For device tree bindings there is no such dance with the firmware and as
such we need QEMU to directly present device tree entries for the primary
PCIe bus and the PXB instances.

This cannot be fully done either at initial PCIe instantiation, (PXB
instances not yet instantiated) or at in virt_machine_done() as it is
for ACPI (virtio-mem hot plug routines rely on presence of primary PCIe bus).
Thus the proposed solution is to set things up initially without being
careful and later update it with additional checks that we don't get
overlapping bus numbers.

It 'might' be possible to use hotplug handlers to update the DT as we
go along, but that would be rather challenging as each additional PXB
introduction would sometimes require an update of the dt for all other
instances.

Note: The linux,pci-domain dt element is more restrictive than the
equivalent in ACPI, so for now just put each PXB in it's own domain.
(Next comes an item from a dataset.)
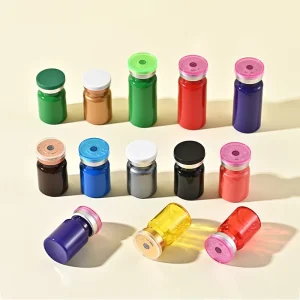 Custom Printed Frosted Clear Vaccine Glass Vials 2ml 3ml 5ml 10ml 20ml with Lids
I'll
look to address relaxing that on the kernel side, but then this code won't
initially work with older kernels - so this lack of alignment with ACPI
systems may have to persist (you end up with a single segment for ACPI
systems, and multiple for DT).

Another question is how to allocate the resources. A PXB instance uses
a section of the ECAM space (which is fine as that is defined by bus
numbers) and also part of each of the PCI windows. When EDK2 is involved,
the allocation of the windows is done after enumeration of connected
PCI devices / switches etc with heuristics adding extra space for
hotplug.  Thus the windows configured for the bridges can be easily
established and written into the ACPI _CRS entries.
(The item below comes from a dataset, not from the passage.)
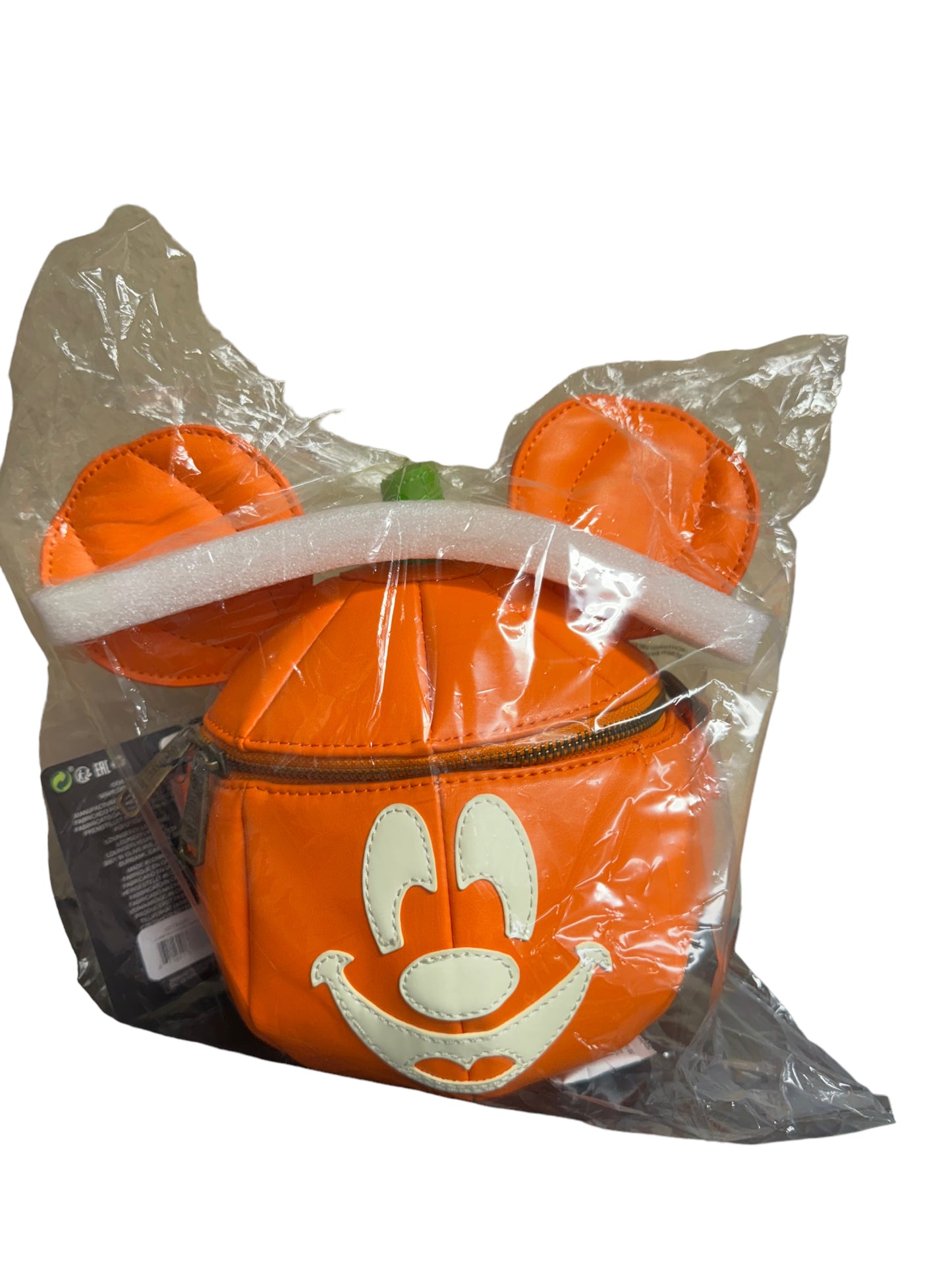 Disney Loungefly Mickey Jack-O-Lantern Pumpkin Glow in the dark Crossbody Bag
I've considered two options:
1) (More or less) enumerate the full PCI topology in QEMU, just don't
   actually write the registers for routing. Apply similar heuristics
   (note that EDK2 and the kernel may have different ones and they
   have changed over time) to establish how much memory is needed
   in each window. This is a complex solution that may still provide
   allocations that aren't big enough for the kernel to then
   enumerate the PCI topology using it's algorithms.
2) Use the one thing we definitely control for PXB instances, the base
   bus number.  Based on how many buses are available to each PXB
   instance allocate a proportion of the available memory windows. Again,
   it's more than possible that this won't leave enough room to provide
   all of the necessary space to accommodate BARs, but is fairly simple to
   implement and fairly simple to understand when the allocation doesn't
   work. This option is what the current code does.

Note that either way any regressions should be limited to systems using
DT with PXB instances which would be odd given they don't currently work.
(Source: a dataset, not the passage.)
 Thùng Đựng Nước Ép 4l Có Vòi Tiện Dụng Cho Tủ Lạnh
RFC being posted to get feedback on the general approach we should take.
One option would be to ignore pxb-pcie and only deal with pxb-cxl on
the basis that removes risk of regressions because we don't support
CXL on arm-virt yet.  However, code will end up much the same so we
can discuss this without the added fun that CXL will bring.

Other more minor nasties:
* EDK2 breaks if we pass it a DT that includes the PXB instances.
* Need to look closer at the interrupt mapping - or potentially make this
  MSI/MSIX only. Equivalent is broken on x86 / q35 :)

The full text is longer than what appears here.